I think the reason can be found from the source code 'stdlib-1.18.2/src/shell.erl'.

get_command(Prompt, Eval, Bs, RT, Ds) ->
    Parse = fun() -> exit(io:parse_erl_exprs(Prompt)) end,
    Pid = spawn_link(Parse),
    get_command1(Pid, Eval, Bs, RT, Ds).

get_command1(Pid, Eval, Bs, RT, Ds) ->
    receive
    {'EXIT', Pid, Res} ->
        {Res, Eval};
    {'EXIT', Eval, {Reason,Stacktrace}} ->
            report_exception(error, {Reason,Stacktrace}, RT),
        get_command1(Pid, start_eval(Bs, RT, Ds), Bs, RT, Ds);
    {'EXIT', Eval, Reason} ->
            report_exception(error, {Reason,[]}, RT),
        get_command1(Pid, start_eval(Bs, RT, Ds), Bs, RT, Ds)
    end.

report_exception(Class, Reason, RT) ->
    report_exception(Class, serious, Reason, RT).

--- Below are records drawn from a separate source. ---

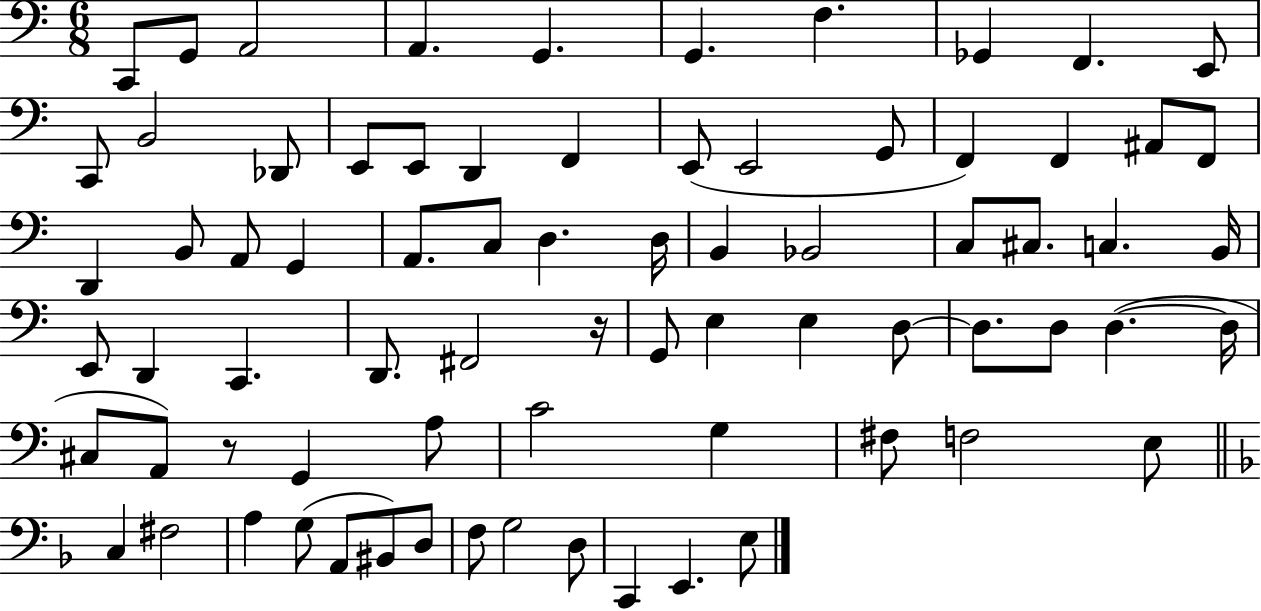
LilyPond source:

{
  \clef bass
  \numericTimeSignature
  \time 6/8
  \key c \major
  c,8 g,8 a,2 | a,4. g,4. | g,4. f4. | ges,4 f,4. e,8 | \break c,8 b,2 des,8 | e,8 e,8 d,4 f,4 | e,8( e,2 g,8 | f,4) f,4 ais,8 f,8 | \break d,4 b,8 a,8 g,4 | a,8. c8 d4. d16 | b,4 bes,2 | c8 cis8. c4. b,16 | \break e,8 d,4 c,4. | d,8. fis,2 r16 | g,8 e4 e4 d8~~ | d8. d8 d4.~(~ d16 | \break cis8 a,8) r8 g,4 a8 | c'2 g4 | fis8 f2 e8 | \bar "||" \break \key f \major c4 fis2 | a4 g8( a,8 bis,8) d8 | f8 g2 d8 | c,4 e,4. e8 | \break \bar "|."
} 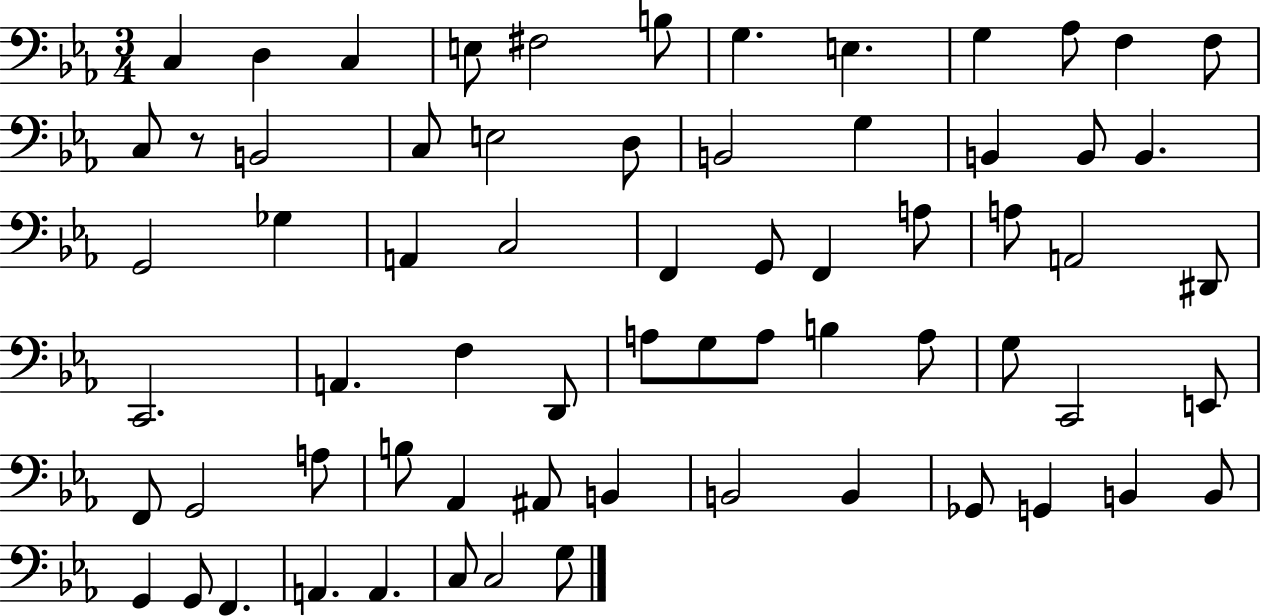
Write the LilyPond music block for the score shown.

{
  \clef bass
  \numericTimeSignature
  \time 3/4
  \key ees \major
  c4 d4 c4 | e8 fis2 b8 | g4. e4. | g4 aes8 f4 f8 | \break c8 r8 b,2 | c8 e2 d8 | b,2 g4 | b,4 b,8 b,4. | \break g,2 ges4 | a,4 c2 | f,4 g,8 f,4 a8 | a8 a,2 dis,8 | \break c,2. | a,4. f4 d,8 | a8 g8 a8 b4 a8 | g8 c,2 e,8 | \break f,8 g,2 a8 | b8 aes,4 ais,8 b,4 | b,2 b,4 | ges,8 g,4 b,4 b,8 | \break g,4 g,8 f,4. | a,4. a,4. | c8 c2 g8 | \bar "|."
}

report_exception(Class, Severity, {Reason,Stacktrace}, RT) ->
    Tag = severity_tag(Severity),
    I = iolist_size(Tag) + 1,
    PF = fun(Term, I1) -> pp(Term, I1, RT) end,
    SF = fun(M, _F, _A) -> (M =:= erl_eval) or (M =:= ?MODULE) end,
    io:requests([{put_chars, Tag},
                 {put_chars, 
                  lib:format_exception(I, Class, Reason, Stacktrace, SF, PF)},
                 nl]).

start_eval(Bs, RT, Ds) ->
    Self = self(),
    Eval = spawn_link(fun() -> evaluator(Self, Bs, RT, Ds) end), %%<========start a new shell pid
    put(evaluator, Eval),
    Eval.

severity_tag(fatal)   -> <<"*** ">>;
severity_tag(serious) -> <<"** ">>;
severity_tag(benign)  -> <<"* ">>.

For your first case (sending message to self()), the signal meets the 2nd situation of get_command1/5, it will give error message firstly, and spawn a new shell pid. Please pay attention to start_eval function.

For your second case (sending message to a spawn pid), Going back to your first part of post about the exit function, it is logical. Your spawned pid doesn't trap the exit message, and ignore the (normal) exit message. so the shell will receive exit message only when your spawn pid's actual exit. It will go to the 1st condition of get_command1/5. Because start_evel is not been called, shell pid will keep the same.

For your third case, I don't know why. I also think is_process_alive(v(8)) should return true.

For the third case, the key point here is that self() is the pid of spawned process not the shell's.

see code below:

Eshell V5.9  (abort with ^G)

1> self().

<0.32.0>

2> spawn(fun() -> io:format("This is ~p~n",[self()]),exit(self(), normal), receive _ -> ok end end).

This is <0.35.0> <0.35.0>

3> is_process_alive(v(2)).

false

4>

It's all right there in the documentation that you quoted:

If Pid is not trapping exits, Pid itself will exit with exit reason Reason.

If you don't trap exits then your process will exit.

1> self().
<0.32.0>
2> process_flag(trap_exit, true).
false
3> exit(self(), normal).
true
4> self().
<0.32.0>
5> flush().             
Shell got {'EXIT',<0.32.0>,normal}
ok

There is no "message" being sent about exiting if you don't trap exits. The process just dies. As does any process linked to it. This is what trap_exit is for.